Высокоморальное и гуманное, и вывод этот основан отнюдь не на мысленном эксперименте. Здесь я имею в виду раздражающе идеальных скандинавов. В ХХ в. уровень религиозности в этой части света резко упал, и сегодня Скандинавские страны – самые светские в мире. Так как же у них обстоят дела в сравнении с такой высокорелигиозной страной, как США? Исследования качества жизни и уровня здоровья подтверждают, что скандинавы чувствуют себя куда лучше (по таким показателям, как счастье и благополучие, продолжительность жизни, младенческая смертность и смертность при родах); более того, уровень бедности там ниже, а неравенство в доходах совсем незначительное. Там ниже все показатели антисоциального поведения, уровня преступности, насилия и агрессии с причинением ущерба – от военных действий и насильственных преступлений до школьной травли и телесных наказаний. И если говорить о показателях просоциальности, то подушевые расходы Скандинавских стран на систему социального обеспечения своих граждан[248] и на помощь бедным странам выше{299}.
Более того, эти различия касаются не только довольных жизнью скандинавов и изнуренных капитализмом американцев.

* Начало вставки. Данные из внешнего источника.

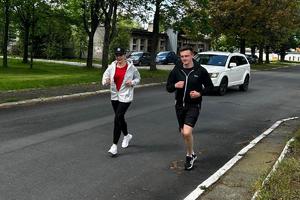 Policjanci i pracownicy cywilni Policji podczas inauguracji akcji charytatywnej &#039;Wiosna na sportowo&#039; w Rzeszowie. Uczestniczy podczas ćwiczeń i biegu
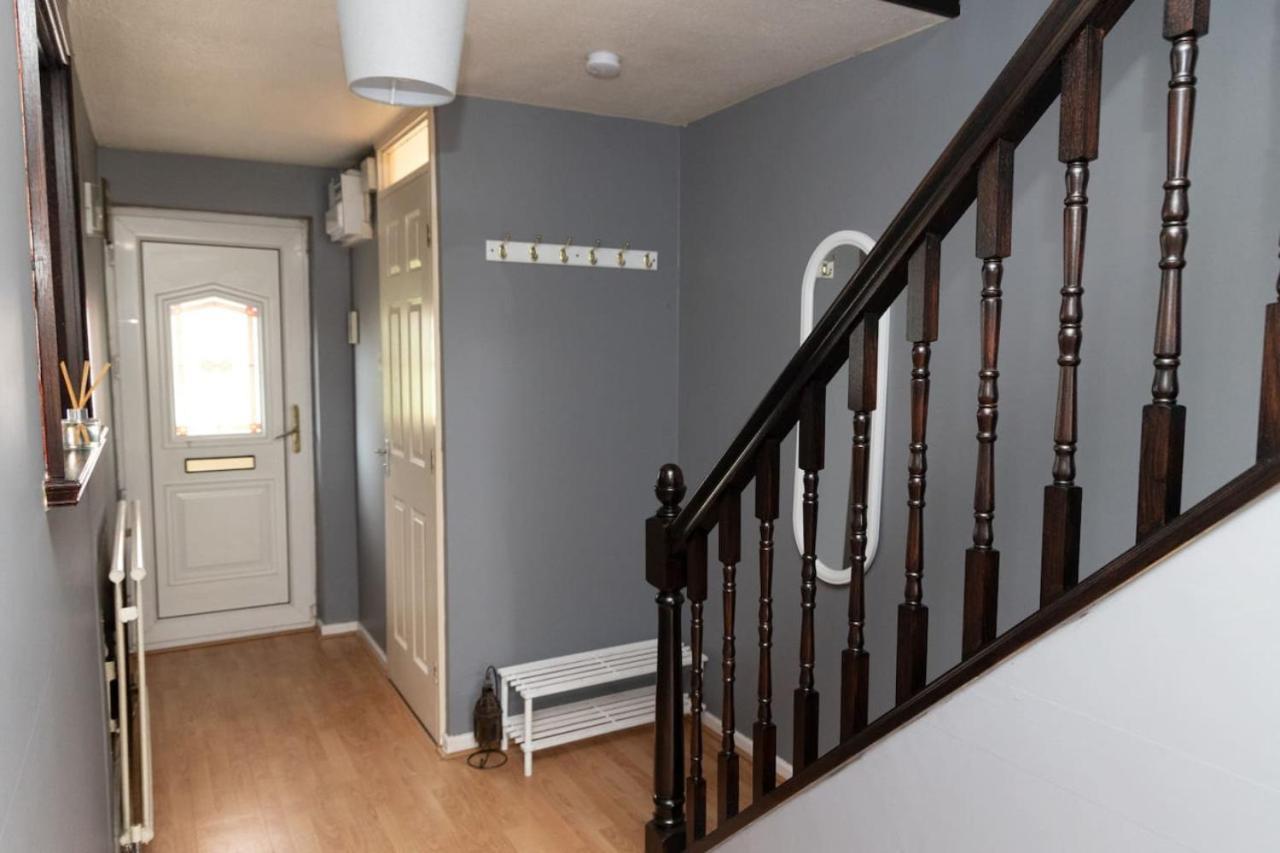 3 Bed Home Sleeps 8 People Located 1 Min From Train Stop - Otley Terrace Oldham Exteriör bild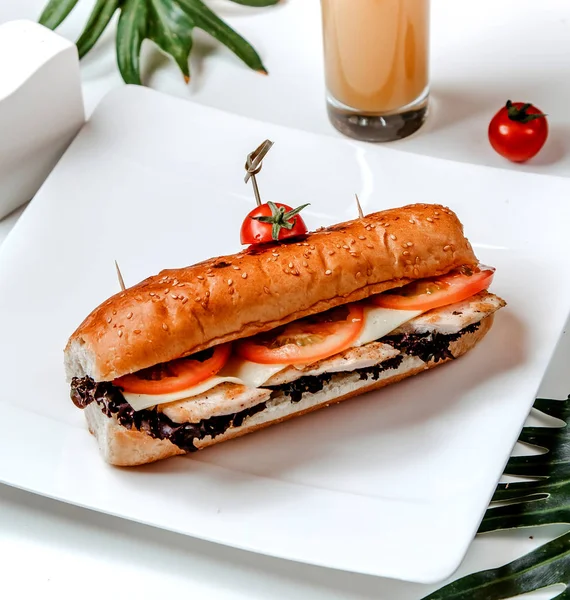 Sandwich dengan tomat keju dan sayuran — Stok Foto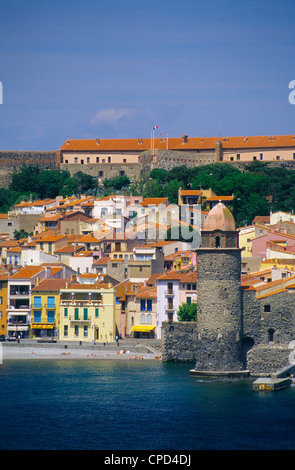 Notre Dame des Anges et la ville de Collioure, Pyrénées-Orientales, Languedoc-Roussillon, France Banque D'Images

В целом ряде стран низкий средний уровень религиозности предсказывает высокий уровень всех этих благоприятных исходов. Более того, если взять сопоставимые по странам данные, то более низкий средний уровень религиозности предполагает более низкий уровень коррупции, бо́льшую терпимость к расовым и этническим меньшинствам, более высокий уровень грамотности, низкий уровень преступности в целом и убийств в частности, а также менее частые военные действия{300}.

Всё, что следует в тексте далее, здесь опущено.